“When it comes to Constitutional rights, what matters is what the Bill of Rights says. It doesn’t matter what might be popular at the moment,” said presidential hopeful Sen. Ted Cruz about voting against an expanded background check measure in April 2013.
Cruz discussed his decision with Guns.com at the 2015 National Rifle Association’s annual convention in Nashville this past weekend, shortly after the Texas congressman spoke at a crowded convention center about gun rights.
The legislation, often referred to as the Manchin-Toomey bill — introduced by Democratic Sen. Joe Manchin and Republican Sen. Pat Toomey — aimed to expand background checks to include gun sales performed online, at gun shows, and between strangers.
The senators drafted the bill in the wake of the shooting at Sandy Hook Elementary School in December 2012, where 20 first-graders and six educators were murdered in cold blood by a deranged gunman. Within the coming month surveys by the Washington Post-ABC News, CNN/Opinion Research Corp., Quinnipiac University, and CBS News found roughly 90 percent of the respondents saying they support background checks for all gun sales.

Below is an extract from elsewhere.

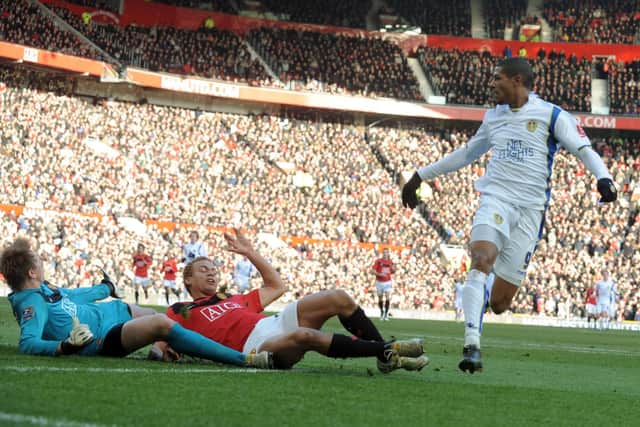 MAGIC MOMENT: Jermaine Beckford slides the ball past Manchester United goalkeeper Tomasz Kuszczak and Wes Brown to score at Old Trafford in the FA Cup in January 2010. Picture: Tony Johnson.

Despite public support and a majority vote in the senate, the bill failed to get enough votes to avert a filibuster in April 2013. The then up-and-coming Tea Party star had been a vocal critic of the bill and other gun control measures that were up for debate.

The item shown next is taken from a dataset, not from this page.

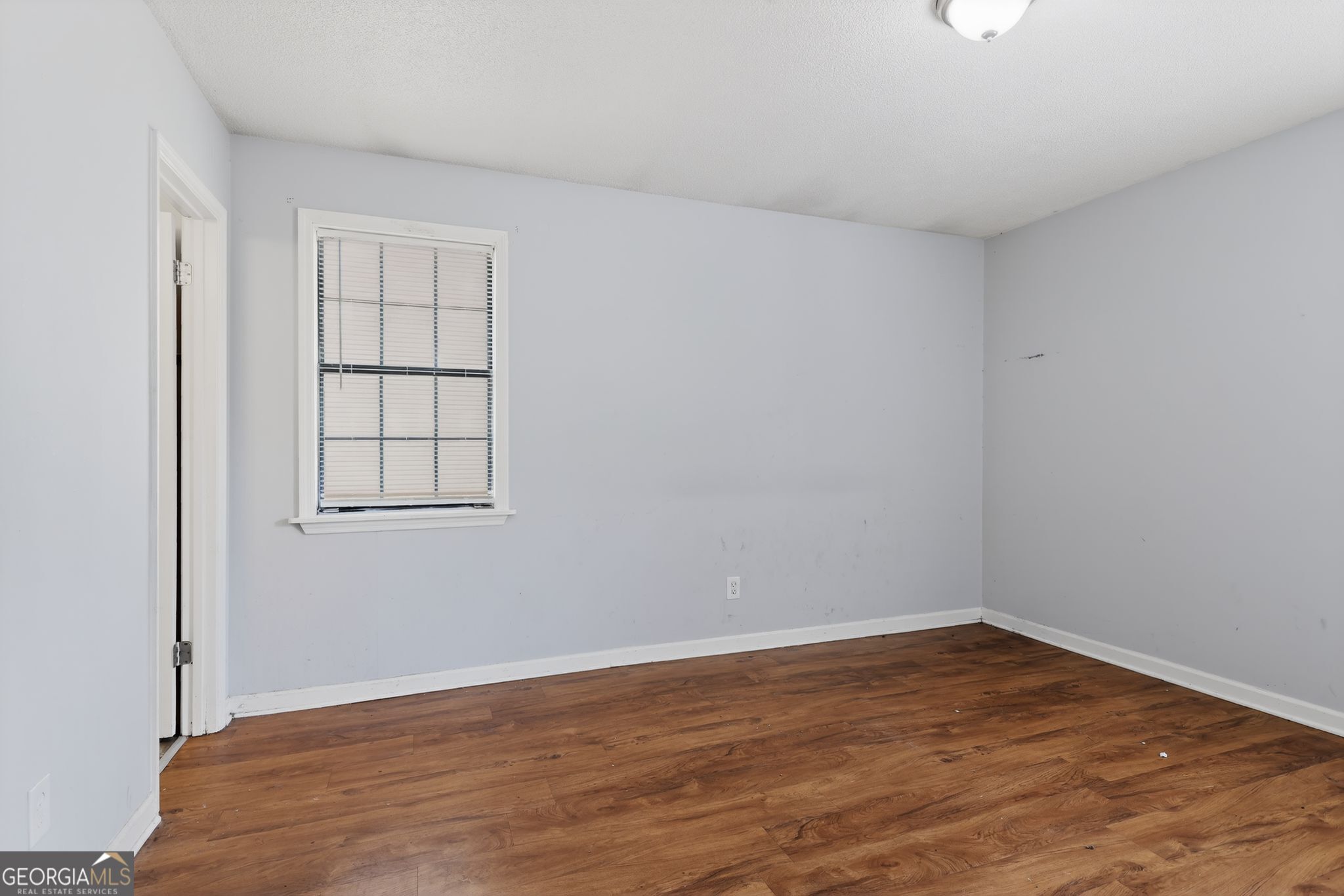 2809 Butler Manor Drive Hephzibah, GA 30815 - Photo 17 of 35 wooden floor in an empty room with a window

“We’ve seen regimes across the face of the earth come and take away people’s guns, strip away their rights to defend themselves and sometimes it’s been very popular. And yet it is an inevitable prelude to tyranny,” he said.
“The Second Amendment is there so you and I could protect our homes, our families, and our children and our lives. And it’s also there as a fundamental check on government tyranny and that ultimately is not subject to public opinion polls, it’s subject to the express protections of the Bill of Rights of the Constitution,” he explained.